**INSTRUCTIONS TO FOLLOW**
What is needed is a word-for-word copy of the lines below from the one with "FLOWDIA フローディア シャンプー グランメロウ" through the one with "Halloween pyjamas adults clearance", both included, with every picture left out.

**THE RECORDS**

▼▼▼

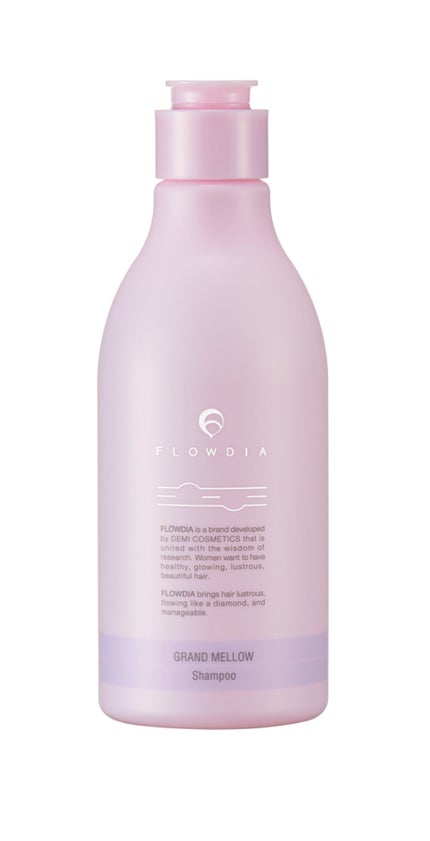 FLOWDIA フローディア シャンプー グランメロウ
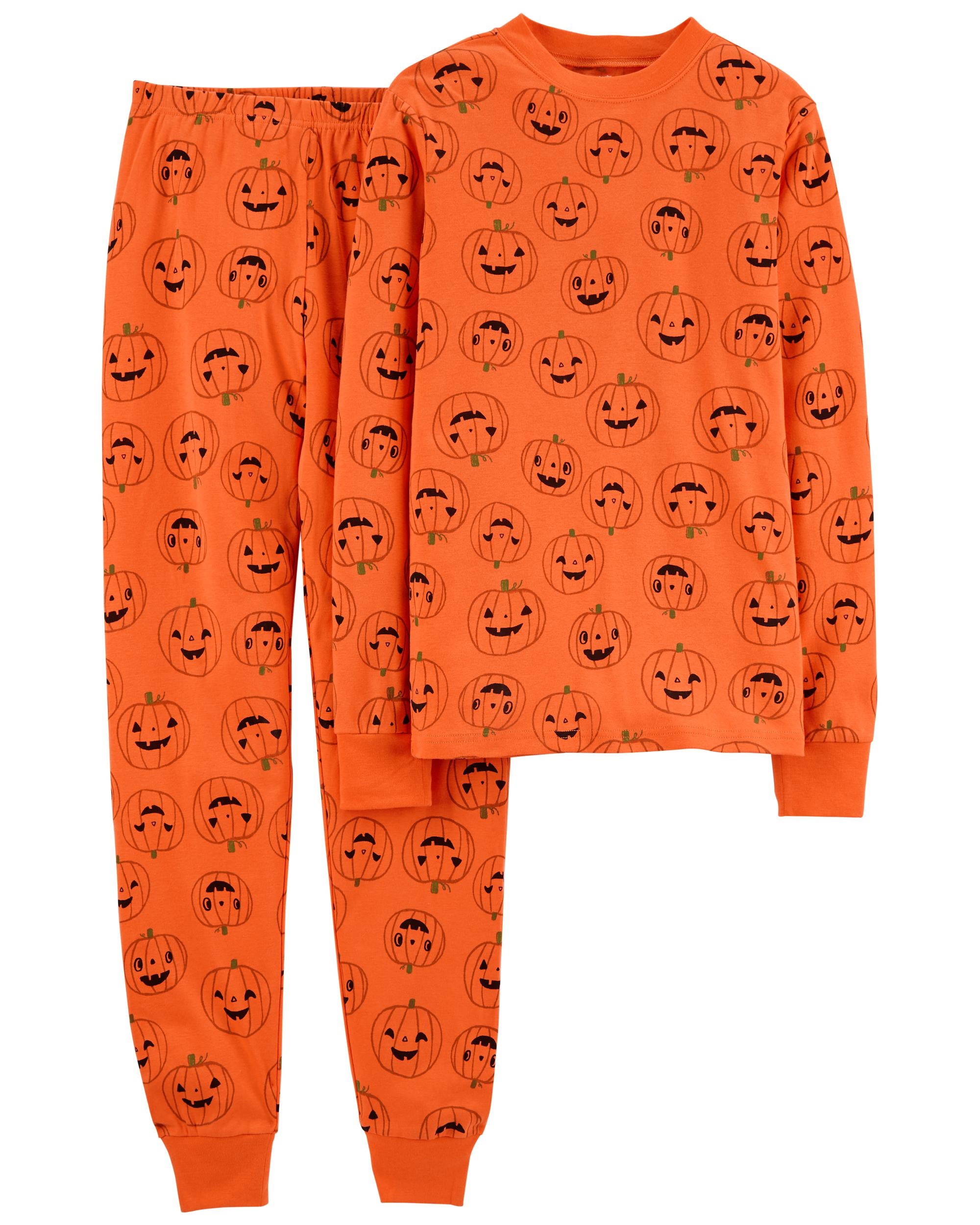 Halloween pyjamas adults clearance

▲▲▲
▼▼▼

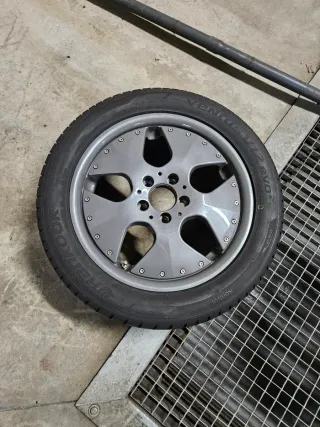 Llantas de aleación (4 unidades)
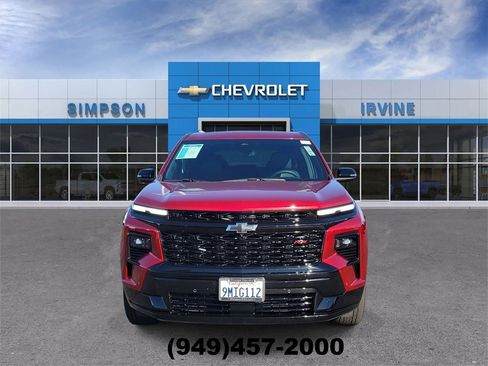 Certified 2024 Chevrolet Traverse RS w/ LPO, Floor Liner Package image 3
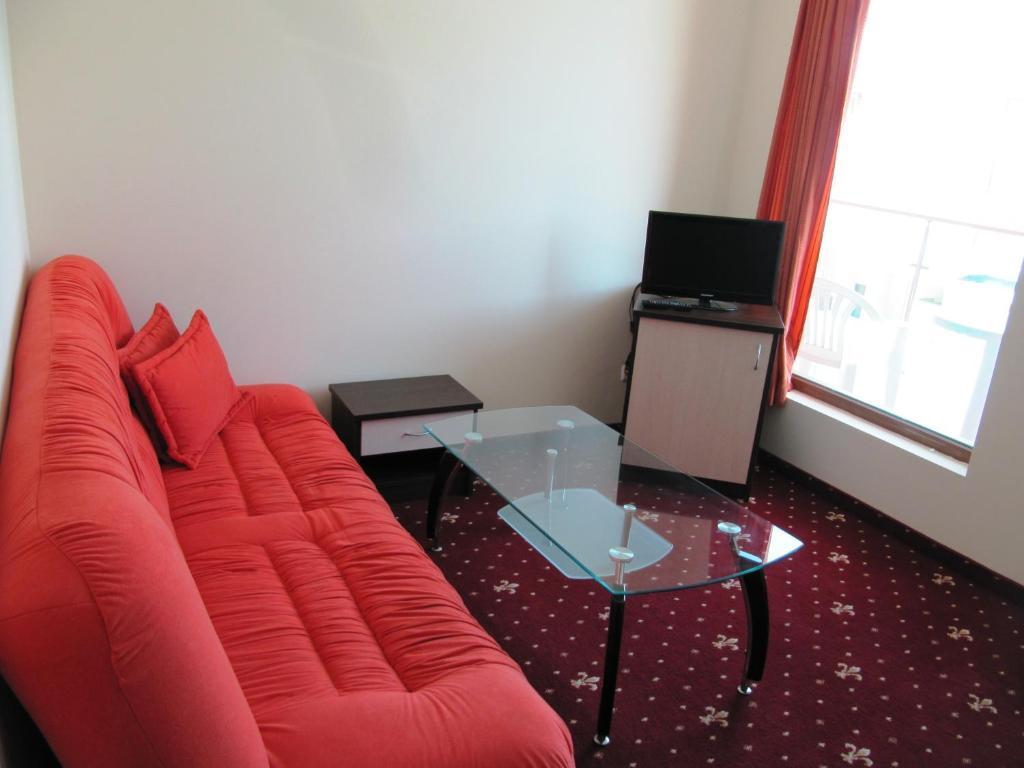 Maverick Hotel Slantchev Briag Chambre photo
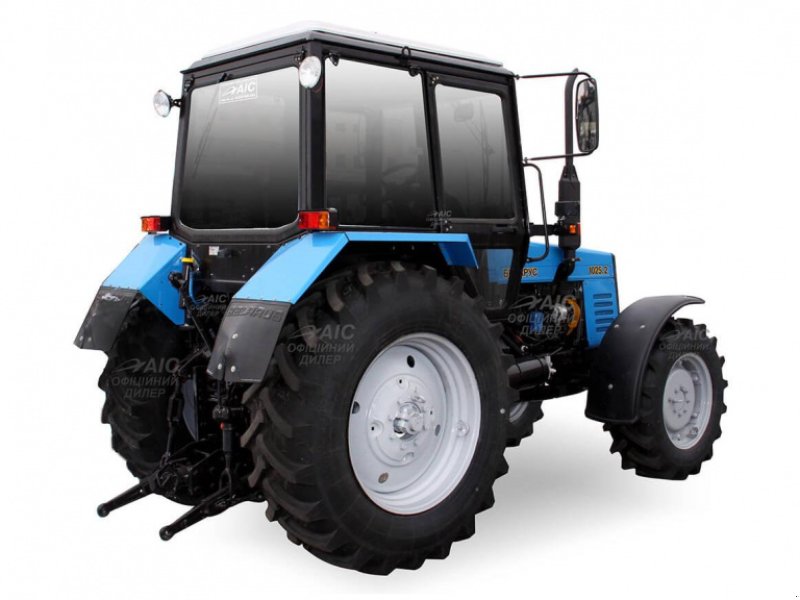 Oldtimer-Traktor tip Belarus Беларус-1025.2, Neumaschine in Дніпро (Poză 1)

▲▲▲
▼▼▼

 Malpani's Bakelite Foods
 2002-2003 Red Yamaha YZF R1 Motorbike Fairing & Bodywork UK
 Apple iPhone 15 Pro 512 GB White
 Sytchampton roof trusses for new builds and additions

▲▲▲

**EXERCISE OUTPUT**
 FLOWDIA フローディア シャンプー グランメロウ
 Halloween pyjamas adults clearance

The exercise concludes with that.